1. Die im Fall II. 3 der Urteilsgründe verhängte Einzelstrafe kann keinen Bestand haben. Insoweit sind die Strafzumessungserwägungen, die bereits bei der Strafrahmenwahl Berücksichtigung finden müssen, in einem wesentlichen Punkt lückenhaft. Zwar braucht der Tatrichter im Urteil nur diejenigen Umstände anzuführen, die für die Bemessung der Strafe bestimmend gewesen sind (§ 267 Abs. 3 Satz 1 StPO); eine erschöpfende Aufzählung aller Strafzumessungserwägungen ist weder vorgeschrieben noch möglich (BGH, Beschluss vom 27. September 2011 - 3 StR 296/11, NStZ-RR 2011, 370; st. Rspr.). Hier hat das Landgericht aber den gewichtigen strafmildernden Umstand, dass das gesamte für den Absatz bestimmte Kokain sichergestellt und aus dem Verkehr gezogen wurde, so dass es nicht zu einer Gefährdung von Drogenkonsumenten kommen konnte, unberücksichtigt gelassen (vgl. BGH, Beschlüsse vom 19. Januar 1990 - 2 StR 588/89, BGHR BtMG § 29 Strafzumessung 10; vom 28. März 2006 - 4 StR 42/06, NStZ-RR 2006, 220
2. Auch die Anordnung des Verfalls eines Betrages von 1.700 € hält der rechtlichen Überprüfung nicht stand. Es ist nicht festgestellt, dass der Angeklagte das Geld bereits erlangt hatte.
Beim Erlangen im Sinne von § 73 Abs. 1 StGB handelt es sich um einen tatsächlichen Vorgang. Ein Gegenstand ist wirtschaftlich erlangt, sobald dieser unmittelbar aus der Tat in die eigene Verfügungsgewalt des Täters übergegangen ist (BGH, Urteil vom 16. Mai 2006 - 1 StR 46/06, BGHSt 51, 65, 68). Vorliegend wurde der Angeklagte auf dem Weg zu seinem Depot, aus dem er Betäubungsmittel holen wollte, festgenommen. In seiner Wohnung, in der sein Abnehmer wartete, lagen 1.700 € auf dem Tisch. Ob das Geld zu diesem Zeitpunkt bereits in die Verfügungsmacht des Angeklagten gelangt war oder ihm erst Zug um Zug gegen die Übergabe der Betäubungsmittel zufließen sollte, ist nach diesen Feststellungen offen. Danach ist nicht festgestellt, dass der Abnehmer dem Angeklagten den Betrag von 1.700 € bereits übergeben hatte.
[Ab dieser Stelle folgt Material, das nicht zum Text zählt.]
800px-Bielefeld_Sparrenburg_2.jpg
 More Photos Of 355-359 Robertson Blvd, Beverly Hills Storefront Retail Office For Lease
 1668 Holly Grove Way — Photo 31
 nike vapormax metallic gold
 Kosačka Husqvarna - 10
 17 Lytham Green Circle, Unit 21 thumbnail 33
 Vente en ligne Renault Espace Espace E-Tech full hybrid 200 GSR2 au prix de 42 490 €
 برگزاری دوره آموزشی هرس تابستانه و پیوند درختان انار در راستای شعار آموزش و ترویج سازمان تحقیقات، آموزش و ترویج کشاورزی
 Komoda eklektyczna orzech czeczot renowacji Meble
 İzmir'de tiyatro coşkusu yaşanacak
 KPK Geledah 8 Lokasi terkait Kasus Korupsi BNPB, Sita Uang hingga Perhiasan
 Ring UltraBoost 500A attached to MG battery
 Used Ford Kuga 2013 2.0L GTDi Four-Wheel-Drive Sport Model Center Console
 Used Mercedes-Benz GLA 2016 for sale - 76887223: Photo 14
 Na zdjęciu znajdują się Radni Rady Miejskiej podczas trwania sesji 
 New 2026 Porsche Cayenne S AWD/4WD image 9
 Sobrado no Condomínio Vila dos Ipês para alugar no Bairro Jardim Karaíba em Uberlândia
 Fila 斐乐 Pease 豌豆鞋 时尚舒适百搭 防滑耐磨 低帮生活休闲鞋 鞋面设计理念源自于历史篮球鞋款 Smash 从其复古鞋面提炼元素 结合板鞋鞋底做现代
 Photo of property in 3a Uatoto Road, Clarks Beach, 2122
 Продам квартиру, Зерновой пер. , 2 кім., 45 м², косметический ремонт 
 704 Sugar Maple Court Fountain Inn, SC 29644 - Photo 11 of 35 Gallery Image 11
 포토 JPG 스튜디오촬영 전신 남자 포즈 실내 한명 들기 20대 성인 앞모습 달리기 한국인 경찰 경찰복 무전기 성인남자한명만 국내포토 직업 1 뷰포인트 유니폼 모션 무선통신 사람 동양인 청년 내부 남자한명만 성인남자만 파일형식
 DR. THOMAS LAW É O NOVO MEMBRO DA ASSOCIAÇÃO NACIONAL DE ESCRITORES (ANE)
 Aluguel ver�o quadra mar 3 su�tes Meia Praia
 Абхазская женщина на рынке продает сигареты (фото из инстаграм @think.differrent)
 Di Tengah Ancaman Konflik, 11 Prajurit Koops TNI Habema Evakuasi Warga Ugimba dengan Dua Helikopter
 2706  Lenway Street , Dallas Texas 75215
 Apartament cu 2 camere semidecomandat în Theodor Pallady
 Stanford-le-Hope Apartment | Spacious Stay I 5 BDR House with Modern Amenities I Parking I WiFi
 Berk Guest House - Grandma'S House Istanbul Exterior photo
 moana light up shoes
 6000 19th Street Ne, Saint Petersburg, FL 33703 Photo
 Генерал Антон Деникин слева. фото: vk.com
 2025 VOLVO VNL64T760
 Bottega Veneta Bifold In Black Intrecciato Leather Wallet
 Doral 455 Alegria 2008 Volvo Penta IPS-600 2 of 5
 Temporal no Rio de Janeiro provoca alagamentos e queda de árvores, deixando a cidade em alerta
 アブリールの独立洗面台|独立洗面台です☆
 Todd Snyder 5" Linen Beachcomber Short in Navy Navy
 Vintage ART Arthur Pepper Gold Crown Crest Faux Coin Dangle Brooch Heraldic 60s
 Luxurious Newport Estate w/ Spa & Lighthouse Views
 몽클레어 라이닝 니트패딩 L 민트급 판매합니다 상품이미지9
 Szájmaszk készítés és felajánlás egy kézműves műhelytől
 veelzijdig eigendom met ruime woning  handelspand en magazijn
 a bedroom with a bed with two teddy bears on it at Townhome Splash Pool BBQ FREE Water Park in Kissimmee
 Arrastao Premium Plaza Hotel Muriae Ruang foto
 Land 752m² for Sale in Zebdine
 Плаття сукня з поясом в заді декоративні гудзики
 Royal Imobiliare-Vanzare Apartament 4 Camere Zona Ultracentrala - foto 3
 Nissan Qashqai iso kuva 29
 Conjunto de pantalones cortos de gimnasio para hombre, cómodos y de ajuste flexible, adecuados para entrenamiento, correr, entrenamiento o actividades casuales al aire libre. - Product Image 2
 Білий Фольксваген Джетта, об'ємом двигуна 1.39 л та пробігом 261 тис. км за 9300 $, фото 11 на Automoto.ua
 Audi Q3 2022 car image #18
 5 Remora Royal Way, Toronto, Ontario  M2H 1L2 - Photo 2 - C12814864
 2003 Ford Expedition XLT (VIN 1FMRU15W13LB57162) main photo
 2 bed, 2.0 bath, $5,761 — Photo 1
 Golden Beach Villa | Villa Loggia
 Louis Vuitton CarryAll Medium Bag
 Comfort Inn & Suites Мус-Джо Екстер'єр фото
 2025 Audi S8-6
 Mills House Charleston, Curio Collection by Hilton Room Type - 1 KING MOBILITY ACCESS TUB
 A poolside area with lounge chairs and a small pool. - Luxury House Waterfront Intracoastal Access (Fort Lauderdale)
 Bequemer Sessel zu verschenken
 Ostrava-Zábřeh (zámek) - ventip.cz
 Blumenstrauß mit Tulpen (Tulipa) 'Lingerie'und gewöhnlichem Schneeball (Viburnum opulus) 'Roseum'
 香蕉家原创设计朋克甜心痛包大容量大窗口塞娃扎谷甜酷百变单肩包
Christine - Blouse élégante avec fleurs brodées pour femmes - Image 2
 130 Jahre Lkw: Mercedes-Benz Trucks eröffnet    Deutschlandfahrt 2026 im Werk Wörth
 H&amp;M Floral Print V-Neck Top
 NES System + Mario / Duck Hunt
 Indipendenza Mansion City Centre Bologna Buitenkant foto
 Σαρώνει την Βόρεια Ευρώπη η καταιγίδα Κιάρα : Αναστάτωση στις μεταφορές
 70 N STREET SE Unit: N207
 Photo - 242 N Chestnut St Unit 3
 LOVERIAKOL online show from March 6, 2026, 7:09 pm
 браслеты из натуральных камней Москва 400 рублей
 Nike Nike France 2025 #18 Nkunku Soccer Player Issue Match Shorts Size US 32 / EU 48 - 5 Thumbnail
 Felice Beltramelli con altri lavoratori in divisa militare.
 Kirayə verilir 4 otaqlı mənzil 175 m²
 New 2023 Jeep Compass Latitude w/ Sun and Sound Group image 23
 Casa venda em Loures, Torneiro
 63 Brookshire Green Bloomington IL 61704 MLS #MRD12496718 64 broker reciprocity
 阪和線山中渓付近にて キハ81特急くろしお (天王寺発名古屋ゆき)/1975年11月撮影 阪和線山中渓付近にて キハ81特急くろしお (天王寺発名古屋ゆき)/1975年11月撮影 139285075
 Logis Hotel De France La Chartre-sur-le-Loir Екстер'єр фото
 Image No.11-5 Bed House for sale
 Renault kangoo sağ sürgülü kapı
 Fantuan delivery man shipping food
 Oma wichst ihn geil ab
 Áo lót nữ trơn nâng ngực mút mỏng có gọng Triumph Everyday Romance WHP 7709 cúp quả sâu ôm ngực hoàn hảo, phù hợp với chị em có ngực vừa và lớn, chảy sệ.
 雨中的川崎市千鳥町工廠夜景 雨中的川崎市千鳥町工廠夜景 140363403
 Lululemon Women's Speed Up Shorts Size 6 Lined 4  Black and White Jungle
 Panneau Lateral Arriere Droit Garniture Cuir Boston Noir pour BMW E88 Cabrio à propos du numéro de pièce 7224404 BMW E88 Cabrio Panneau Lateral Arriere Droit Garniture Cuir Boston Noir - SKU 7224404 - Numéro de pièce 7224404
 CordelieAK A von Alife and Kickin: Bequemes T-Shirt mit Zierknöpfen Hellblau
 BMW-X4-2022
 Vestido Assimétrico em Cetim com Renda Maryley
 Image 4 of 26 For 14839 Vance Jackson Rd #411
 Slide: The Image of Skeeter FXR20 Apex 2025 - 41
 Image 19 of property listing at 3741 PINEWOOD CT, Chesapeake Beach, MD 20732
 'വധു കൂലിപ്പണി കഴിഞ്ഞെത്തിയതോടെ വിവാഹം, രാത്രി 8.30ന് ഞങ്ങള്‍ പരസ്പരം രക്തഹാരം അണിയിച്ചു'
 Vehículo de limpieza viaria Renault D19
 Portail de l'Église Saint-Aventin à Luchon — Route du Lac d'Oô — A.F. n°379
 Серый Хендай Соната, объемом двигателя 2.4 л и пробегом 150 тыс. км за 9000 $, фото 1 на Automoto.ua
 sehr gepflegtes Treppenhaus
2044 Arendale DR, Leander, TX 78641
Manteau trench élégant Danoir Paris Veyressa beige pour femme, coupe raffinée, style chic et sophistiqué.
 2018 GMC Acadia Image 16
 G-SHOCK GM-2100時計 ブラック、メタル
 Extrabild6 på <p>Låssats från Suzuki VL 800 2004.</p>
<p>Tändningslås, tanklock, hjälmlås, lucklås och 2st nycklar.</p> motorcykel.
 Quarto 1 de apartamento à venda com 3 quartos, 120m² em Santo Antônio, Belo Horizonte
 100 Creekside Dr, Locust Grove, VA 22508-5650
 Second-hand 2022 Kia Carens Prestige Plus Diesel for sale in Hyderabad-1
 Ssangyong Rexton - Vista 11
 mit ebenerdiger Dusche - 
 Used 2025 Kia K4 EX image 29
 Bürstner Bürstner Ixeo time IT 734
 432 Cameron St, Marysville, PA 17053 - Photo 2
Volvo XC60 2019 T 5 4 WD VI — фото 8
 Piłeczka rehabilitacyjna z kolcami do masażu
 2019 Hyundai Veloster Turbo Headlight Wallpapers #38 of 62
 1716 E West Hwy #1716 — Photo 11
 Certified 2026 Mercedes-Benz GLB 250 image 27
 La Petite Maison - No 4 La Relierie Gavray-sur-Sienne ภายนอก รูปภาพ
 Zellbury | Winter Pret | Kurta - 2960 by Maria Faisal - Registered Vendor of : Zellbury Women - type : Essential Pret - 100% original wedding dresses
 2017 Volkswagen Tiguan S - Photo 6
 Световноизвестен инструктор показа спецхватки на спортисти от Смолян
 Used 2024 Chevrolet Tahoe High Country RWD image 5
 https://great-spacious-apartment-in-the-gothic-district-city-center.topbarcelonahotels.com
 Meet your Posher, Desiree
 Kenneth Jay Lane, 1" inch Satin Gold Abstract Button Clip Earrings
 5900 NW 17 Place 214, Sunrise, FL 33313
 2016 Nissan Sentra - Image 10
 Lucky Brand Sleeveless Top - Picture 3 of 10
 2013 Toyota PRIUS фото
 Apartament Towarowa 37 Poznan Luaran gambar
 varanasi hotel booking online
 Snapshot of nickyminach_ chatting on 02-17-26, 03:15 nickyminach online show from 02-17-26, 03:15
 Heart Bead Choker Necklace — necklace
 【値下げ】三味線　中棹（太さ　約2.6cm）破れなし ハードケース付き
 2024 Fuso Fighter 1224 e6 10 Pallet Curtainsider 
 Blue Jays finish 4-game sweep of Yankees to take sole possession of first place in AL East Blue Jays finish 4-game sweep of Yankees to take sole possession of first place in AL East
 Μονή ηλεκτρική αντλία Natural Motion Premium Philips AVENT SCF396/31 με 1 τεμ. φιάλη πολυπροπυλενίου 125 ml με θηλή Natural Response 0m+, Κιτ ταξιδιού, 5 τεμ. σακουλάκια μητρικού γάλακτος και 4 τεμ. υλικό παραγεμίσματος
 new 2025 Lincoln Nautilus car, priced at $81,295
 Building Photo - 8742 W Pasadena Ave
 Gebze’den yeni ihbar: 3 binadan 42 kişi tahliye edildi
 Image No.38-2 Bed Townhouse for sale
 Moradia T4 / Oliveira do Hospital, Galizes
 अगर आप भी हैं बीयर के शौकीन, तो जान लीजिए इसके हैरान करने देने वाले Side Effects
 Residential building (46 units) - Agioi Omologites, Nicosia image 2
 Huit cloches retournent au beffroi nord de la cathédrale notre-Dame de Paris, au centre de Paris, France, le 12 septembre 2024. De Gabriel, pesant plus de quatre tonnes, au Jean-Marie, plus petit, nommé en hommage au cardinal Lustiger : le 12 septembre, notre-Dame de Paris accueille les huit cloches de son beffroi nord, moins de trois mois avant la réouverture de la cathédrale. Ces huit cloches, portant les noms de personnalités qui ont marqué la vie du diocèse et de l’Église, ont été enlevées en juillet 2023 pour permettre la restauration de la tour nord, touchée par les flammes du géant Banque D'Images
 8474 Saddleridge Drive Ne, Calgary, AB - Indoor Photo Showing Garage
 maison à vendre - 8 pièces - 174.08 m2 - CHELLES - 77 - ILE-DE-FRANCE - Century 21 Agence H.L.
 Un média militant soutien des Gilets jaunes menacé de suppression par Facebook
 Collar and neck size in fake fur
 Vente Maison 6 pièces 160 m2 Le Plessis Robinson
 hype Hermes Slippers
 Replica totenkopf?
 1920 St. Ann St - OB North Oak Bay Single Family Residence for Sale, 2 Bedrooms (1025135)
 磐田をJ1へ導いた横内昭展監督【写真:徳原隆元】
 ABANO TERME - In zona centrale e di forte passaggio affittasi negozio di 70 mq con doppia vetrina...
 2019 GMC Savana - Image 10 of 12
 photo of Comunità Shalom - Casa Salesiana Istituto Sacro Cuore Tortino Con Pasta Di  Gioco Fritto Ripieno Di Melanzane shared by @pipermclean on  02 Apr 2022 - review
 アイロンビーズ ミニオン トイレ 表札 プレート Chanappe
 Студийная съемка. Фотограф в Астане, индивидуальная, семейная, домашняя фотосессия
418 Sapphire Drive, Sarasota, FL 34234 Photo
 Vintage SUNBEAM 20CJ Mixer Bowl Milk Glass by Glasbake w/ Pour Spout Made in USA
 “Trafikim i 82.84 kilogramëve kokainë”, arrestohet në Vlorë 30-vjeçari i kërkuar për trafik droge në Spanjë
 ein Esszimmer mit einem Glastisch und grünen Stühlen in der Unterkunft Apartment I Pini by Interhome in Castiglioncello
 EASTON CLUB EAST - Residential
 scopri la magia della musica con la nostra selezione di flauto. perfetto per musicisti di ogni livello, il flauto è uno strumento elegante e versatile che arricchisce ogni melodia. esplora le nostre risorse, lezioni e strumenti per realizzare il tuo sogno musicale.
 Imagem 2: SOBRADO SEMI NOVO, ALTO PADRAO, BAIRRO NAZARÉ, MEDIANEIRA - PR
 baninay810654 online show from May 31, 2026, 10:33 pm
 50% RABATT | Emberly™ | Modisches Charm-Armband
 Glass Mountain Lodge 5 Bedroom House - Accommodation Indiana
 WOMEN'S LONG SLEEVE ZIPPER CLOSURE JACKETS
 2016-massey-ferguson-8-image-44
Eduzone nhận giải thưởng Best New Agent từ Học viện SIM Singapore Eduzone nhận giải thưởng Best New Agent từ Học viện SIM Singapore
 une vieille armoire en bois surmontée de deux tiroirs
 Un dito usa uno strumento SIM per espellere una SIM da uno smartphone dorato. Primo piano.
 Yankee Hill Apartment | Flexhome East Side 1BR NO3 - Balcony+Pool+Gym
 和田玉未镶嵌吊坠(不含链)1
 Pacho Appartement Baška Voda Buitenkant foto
3. Schließlich hat das Urteil auch keinen Bestand, soweit das Landgericht von einer Unterbringung des Angeklagten in einer Entziehungsanstalt abgesehen hat.
Nach den Feststellungen konsumierte der Angeklagte 2005 erstmals gelegentlich Haschisch und Kokain. In den Jahren 2009/2010 gab er sich dann einem exzessiven Rauschmittelkonsum hin. Er schnupfte fast täglich zwischen sechs und zehn Linien Kokain. Nach seiner Entlassung aus der Untersuchungshaft unterzog er sich von 2011 bis 2013 einer ambulanten Therapiemaßnahme, während der er abstinent blieb. Ab Januar 2013 steigerte sich aber sein Konsum wieder auf zuletzt drei Gramm Cannabis täglich und zwei bis vier Gramm Kokain im Monat. Beim Angeklagten wurde deshalb auch ein missbräuchlicher Konsum von Cannabis und Kokain diagnostiziert, allerdings kein Abhängigkeitssyndrom. Diesen Feststellungen widerspricht es, dass das Landgericht einen Hang im Sinne des § 64 Satz 1 StGB mit der Begründung verneint hat, dass der Angeklagte nur sporadisch und gelegentlich Betäubungsmittel konsumiere. Dieser offenkundige Widerspruch nötigt zur Aufhebung auch der Entscheidung über den Maßregelvollzug. Dass nur der Angeklagte Revision eingelegt hat, hindert die Nachholung der Unterbringungsanordnung nicht (BGH, Urteil vom 10. April 1990 - 1 StR 9/90, BGHSt 37, 5). Der Beschwerdeführer hat die Nichtanwendung des § 64 StGB durch den Tatrichter auch nicht von seinem Rechtsmittelangriff ausgenommen.